In those circumstances, I breathe very quietly, as if it became secondary to what was happenning on the images I was witnessing. The feeling of being enclosed starts to raise, there is a lump on my throat and, as hard as the images can be, I cannot do anything but having my eyes wide open for hours, collecting information, fearing to miss something going on on social media.
I do not have words to even begin to describe the images I saw on the media, seconds, hours and days after each one of the terrorist attacks. I must say that after a week or so, things start becoming “normal” and those images are not diffused as often anymore as they’re not on the front line of information. However, as soon as something similar happens, those same images are difused again as reminders, waking up those same feelings I have described before. It’s like a self-defense mode mixed with the desire to know every detail.
Fortunately, I witnessed the actual attacks behind my screen, but I also experienced firsthand the social ambiance they left in Paris the days after. Actually, I am extremely attached to the French République values I have been taught at school: freedom, equality and fraternity. Without forgetting commitment, unity and freedom of expression, that pushed me to be part of the french student population that stood stronger than ever and remained together facing the attacks to our most fundamental values.
Even if there certainly were many thwarted attacks, it’s hard not to mention that those terrifying events need to happen so that action can be taken. As a matter of fact, following today’s attack in Berlin, security measures around the Christmas markets and public religious events will be further strengthened in France. Clearly, none can guarantee the safety of all in public places without impeding our right of free movement, specially on holidays where there are waves of people shopping and hanging out outside. There is no “zero risk” but, well, we need to live as free and careful as we possibly can.
Ironically, this evening I was Christmas shopping in the main avenues of the center of Madrid, as I imagine people in Berlin, Brussels, London or Paris were doing as well. I feel like I’m an European citizen over all (from my cultural background) which is somehow breaking down into pieces as well.
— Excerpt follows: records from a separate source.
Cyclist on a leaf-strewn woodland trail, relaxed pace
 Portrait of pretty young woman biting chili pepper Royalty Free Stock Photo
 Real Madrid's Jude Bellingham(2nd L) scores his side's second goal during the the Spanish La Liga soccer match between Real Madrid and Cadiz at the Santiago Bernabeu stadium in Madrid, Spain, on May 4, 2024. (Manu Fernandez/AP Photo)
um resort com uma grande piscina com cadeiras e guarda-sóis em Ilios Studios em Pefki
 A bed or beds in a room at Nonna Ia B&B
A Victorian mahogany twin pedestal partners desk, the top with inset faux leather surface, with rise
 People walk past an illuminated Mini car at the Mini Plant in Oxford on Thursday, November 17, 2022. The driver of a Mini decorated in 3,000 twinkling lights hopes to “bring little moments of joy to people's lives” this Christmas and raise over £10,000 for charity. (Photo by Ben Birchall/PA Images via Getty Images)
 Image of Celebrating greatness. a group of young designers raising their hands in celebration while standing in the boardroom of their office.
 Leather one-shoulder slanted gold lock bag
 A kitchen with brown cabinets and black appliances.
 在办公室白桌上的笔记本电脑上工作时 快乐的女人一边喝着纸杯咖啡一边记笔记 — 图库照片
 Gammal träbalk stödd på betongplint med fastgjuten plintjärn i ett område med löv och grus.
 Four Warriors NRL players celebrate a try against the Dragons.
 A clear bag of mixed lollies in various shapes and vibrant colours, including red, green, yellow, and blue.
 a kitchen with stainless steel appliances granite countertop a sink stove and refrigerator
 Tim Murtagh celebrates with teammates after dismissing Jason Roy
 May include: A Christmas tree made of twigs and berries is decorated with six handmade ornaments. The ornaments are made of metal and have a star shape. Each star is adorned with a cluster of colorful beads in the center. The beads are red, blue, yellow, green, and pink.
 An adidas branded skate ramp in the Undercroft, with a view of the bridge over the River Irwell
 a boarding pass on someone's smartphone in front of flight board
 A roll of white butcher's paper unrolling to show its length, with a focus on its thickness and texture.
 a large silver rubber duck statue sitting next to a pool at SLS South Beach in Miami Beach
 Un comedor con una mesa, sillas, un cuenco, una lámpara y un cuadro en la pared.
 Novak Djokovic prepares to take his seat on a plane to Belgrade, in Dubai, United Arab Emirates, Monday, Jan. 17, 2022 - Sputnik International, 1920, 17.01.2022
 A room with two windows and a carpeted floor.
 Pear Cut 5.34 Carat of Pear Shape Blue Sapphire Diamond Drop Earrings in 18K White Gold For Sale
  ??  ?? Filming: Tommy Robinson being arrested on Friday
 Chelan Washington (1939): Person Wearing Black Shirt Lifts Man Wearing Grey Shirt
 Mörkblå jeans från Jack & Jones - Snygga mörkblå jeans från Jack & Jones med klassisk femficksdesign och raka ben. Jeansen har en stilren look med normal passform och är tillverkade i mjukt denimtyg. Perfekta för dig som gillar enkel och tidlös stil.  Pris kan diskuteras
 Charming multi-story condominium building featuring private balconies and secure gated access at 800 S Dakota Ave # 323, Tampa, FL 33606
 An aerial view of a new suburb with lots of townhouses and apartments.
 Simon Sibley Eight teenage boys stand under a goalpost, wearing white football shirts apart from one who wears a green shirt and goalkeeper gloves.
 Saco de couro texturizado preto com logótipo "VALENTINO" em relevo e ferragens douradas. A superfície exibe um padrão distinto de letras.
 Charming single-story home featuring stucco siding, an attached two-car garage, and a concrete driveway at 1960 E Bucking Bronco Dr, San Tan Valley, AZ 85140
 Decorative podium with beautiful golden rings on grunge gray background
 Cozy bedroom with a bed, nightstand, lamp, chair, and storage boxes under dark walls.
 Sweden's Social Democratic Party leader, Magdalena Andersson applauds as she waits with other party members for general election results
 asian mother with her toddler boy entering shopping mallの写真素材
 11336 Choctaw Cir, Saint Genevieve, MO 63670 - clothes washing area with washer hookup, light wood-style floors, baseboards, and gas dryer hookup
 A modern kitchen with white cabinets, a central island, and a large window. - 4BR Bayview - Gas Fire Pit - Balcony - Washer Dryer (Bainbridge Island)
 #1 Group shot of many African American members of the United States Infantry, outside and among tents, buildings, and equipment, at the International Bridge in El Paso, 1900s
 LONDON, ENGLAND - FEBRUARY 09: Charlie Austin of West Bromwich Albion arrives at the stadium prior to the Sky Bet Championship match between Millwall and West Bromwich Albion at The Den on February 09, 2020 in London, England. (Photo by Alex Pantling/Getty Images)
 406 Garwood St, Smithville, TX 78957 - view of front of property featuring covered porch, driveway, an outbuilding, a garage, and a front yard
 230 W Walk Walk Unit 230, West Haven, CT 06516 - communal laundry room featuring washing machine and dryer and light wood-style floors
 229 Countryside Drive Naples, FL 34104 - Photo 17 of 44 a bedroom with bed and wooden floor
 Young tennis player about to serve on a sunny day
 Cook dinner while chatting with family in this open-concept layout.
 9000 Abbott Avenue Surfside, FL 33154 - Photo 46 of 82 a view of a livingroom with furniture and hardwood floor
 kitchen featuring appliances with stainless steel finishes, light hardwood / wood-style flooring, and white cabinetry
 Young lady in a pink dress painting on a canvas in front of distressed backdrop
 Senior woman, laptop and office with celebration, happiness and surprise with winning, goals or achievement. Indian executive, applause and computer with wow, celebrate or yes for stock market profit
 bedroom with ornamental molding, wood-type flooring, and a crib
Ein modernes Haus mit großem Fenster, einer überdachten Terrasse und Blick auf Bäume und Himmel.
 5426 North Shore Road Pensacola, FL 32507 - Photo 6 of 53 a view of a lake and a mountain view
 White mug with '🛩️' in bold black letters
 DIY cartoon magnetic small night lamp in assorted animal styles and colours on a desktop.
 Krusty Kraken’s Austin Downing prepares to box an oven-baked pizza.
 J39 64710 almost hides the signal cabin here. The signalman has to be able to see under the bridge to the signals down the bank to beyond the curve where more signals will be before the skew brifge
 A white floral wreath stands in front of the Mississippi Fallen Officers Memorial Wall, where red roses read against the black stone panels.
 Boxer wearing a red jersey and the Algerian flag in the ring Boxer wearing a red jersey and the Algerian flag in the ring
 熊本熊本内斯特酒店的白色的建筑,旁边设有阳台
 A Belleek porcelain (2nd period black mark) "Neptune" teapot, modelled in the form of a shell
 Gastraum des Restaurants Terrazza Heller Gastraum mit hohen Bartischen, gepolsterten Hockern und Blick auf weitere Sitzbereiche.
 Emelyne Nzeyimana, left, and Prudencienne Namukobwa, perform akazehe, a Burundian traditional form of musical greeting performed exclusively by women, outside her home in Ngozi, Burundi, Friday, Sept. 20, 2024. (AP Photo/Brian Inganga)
Let’s go back to the point. Sometimes we don’t realize how blessed we are to actually have ‘normal’ days where nothing happens for us excepted a work day or going out shopping bits and pieces for our loved ones. Meanwhile, other people not so far away are not lucky enough to even have a home to stay or money to spend.
As the ending word, I would like to share my solidarity and compassion for all victims of attacks against civilians using violence for political strategy and terror purposes. As we usually do in France, stick together more than ever around pacific values and make your voice count.
When you’re reading these last words, your life still goes on at the moment and that’s something to be very grateful for.